Only those with a belief system that grants some metaphysical significance to human status would be inclined to assign the beginning of life (and therefore, the beginning of the rights and protections due to all humans) to any early stage in the process of development. That is why most of the nonreligious are comfortable with the idea of abortion and see the issue primarily in terms of power (control over reproduction).
Dr. C. Célèbre
"Still Too Controversial..."
Yes, it is a scientific question
Ethically, no position except self-awareness is defensible, which is why serious ethicists talk in terms such as "rational being." You could debate what constitutes evidence for self-awareness, but the actual scientific debate is constrained into a range of a few weeks during pregnancy, with a few outliers, like 22 weeks (viability, a shaky concept but still one that's far more rational than conception or quickening). Debating whether a 31-week-old fetus is considered self-aware can be done on a scientific level; debating whether a 1-week-old one can is like debating Noah's Ark.
I Think We Are In Agreement
As I said, I think that science can offer information about development that can guide these decisions, but ultimately, there will be no scientific answer to the question.

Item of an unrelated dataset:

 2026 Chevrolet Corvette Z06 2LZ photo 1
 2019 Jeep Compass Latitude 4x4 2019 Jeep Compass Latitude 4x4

If no position other than self-awareness is defensible, that is itself a value judgement, not a scientific conclusion. Now, I happen to agree with you regarding self-awareness as the most satisfying criterion upon which to base this social policy. As a sociologists, I would just point out that the collective decision to endorse that position will be based on social and political factors, not medical or psychological ones.
Those who oppose abortion often also oppose birth control. It is a view of sexuality that places great weight on imagined metaphysical properties of our material existence. Those arguments are completely barren to anyone who rejects the metaphysics. That is why the two sides of this issue can't find any common ground. Religious conservatives will never be persuaded by any analysis of the biology of psychology of human development. Daniel's appeal to science in his post is just a fig leaf covering his faith-based motives.
Dr. C. Célèbre
"Still Too Controversial..."
Self-awareness?
Don't you think self-awareness is itself a vexed subject?
Well, I do...
...but in general I think it works very well at least as an intuitive guideline; in practice, I've found lines such as "what matters is not whether a fetus has human DNA, but whether it has higher brain functions indicating consciousness" very effective. There are a lot of different tests for consciousness, but in general the ones I know of point to a gray area starting around week 30 of the pregnancy and ending shortly after birth.
Anyway, the main point of this is to rid people of the idea that personhood is based on having human DNA, or on being photogenic on anti-abortion posters.
Oh Really?
Interesting idea you have there. Let's examine it for a moment.
A fully formed human is born with an IQ below that of an ape. This individual is so mentally deficient that he does recognize his own reflection in a mirror. The mirror test is commonly used in debates about self-awareness. If a creature can look into a mirror and realize that it sees itself rather than a completely different being then it can be argued that said creature is self-aware.
Given that this human fails the first, most basic test of self awareness, does this classify this individual as inhuman?
I say no. I also say that anyone who answers "yes" is an inhuman monster.
However, given your argument as you have presented it this person is in fact, inhuman. Therefore, by your argument we are free to kill this person for convenience. We are also free to perform experiments on this person that are normally relegated to animals because, hey, he's not REALY human. In fact, just about any atrocity you can think of is acceptable because this person lackks the sentience to be considered human.
Your argument only works if you are willing to go so far as to take the mentally deficient and relegate them to the staus of of dogs, cats, pigs, or clams. Last I knew, no credible ethicist has taken such a position, if for no other reason than the instinctive revulsion such an idea creates in persons of conscience.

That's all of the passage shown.